Hospitals and physician practices conducting computer security risk analyses for HIPAA compliance and for meaningful use (per HIPAA Security 45 CFR 164.308(a)(1)) must assess the threats and likelihood of occurrence. Because most breaches are never reported, accurate information on likelihood of occurrence is difficult to come by. Another study was recently published, by identity and access intelligence vendor Veriphyr. While this is a small study, the results are instructive.
The study design was an 18 question survey. Half of respondents were employed by organizations with over 1000 employees, the other half less than 1000. 52% were employed by hospitals or integrated delivery systems, and 63% indicated that “compliance” was their functional role.

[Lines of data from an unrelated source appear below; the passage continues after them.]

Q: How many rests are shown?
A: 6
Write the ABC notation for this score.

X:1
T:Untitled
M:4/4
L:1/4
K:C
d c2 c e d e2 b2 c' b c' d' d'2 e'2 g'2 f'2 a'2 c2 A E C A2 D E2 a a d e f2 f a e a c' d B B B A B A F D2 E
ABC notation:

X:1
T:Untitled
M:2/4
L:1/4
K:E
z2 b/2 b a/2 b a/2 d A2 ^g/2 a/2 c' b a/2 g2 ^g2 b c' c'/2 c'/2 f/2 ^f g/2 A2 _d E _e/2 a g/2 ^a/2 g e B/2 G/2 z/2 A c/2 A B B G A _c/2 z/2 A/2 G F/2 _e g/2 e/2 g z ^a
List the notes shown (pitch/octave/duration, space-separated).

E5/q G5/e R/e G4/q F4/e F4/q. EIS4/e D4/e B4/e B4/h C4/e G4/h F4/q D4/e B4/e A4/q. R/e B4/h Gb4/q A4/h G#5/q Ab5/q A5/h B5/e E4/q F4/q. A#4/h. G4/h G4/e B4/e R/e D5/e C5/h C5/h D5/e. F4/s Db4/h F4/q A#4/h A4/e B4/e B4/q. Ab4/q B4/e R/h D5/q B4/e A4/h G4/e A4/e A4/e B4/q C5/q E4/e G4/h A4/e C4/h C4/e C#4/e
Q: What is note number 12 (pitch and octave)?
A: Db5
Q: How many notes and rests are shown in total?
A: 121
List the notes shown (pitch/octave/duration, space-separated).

The results indicated the following breach prevalence for 2011:
- Medical Records Snooping – Employee – 35%
- No Breaches Occurred – 28%
- Medical Records Snooping – Friend/Relative – 28%
- Loss/Theft of Physical Records – 25%
- Loss/Theft of equipment Holding PHI – 20%
- Other – 20%
- Unauthorized System/Application Access – by Insider – 9%
- Medical Records Snooping – 9%
- Medical Records Snooping – 6%
With any survey instrument, the results are influenced by the survey design. This survey provides high granularity on insider threats, particularly medical records snooping. A technical control to prevent snooping is the access control mechanism in medical record software. In actual practice, however, large organizations have problems when they attempt to limit employee access too tightly because of job rotations, the need for interdisciplinary consultations, and the nature of certain functions. As a result, employees frequently have the technical ability to look at records for patients they are not involved with.
As a result, additional controls should include:
- Unique User Ids, strong passwords, and a computer usage policy that stresses to employees not to share User Ids or passwords, and consistent enforcement of this policy
- Employee and physician training, educating them about HIPAA allowed uses and disclosures, and that employees will be held accountable for all activity conducted using their user ID
- A robust auditing program to detect inappropriate accesses by employees
- A meaningful sanction program that sanctions employees (including non-employee physicians!) for inappropriate use and disclosure, with sanctions commensurate with the severity of the violation
For readers interested in reviewing the complete study, a copy of the study, 011 Survey of Patient Privacy Breaches, may be downloaded from the study author. Registration is required. Extrapolation to environments different from those of the respondents may be done, but with caution.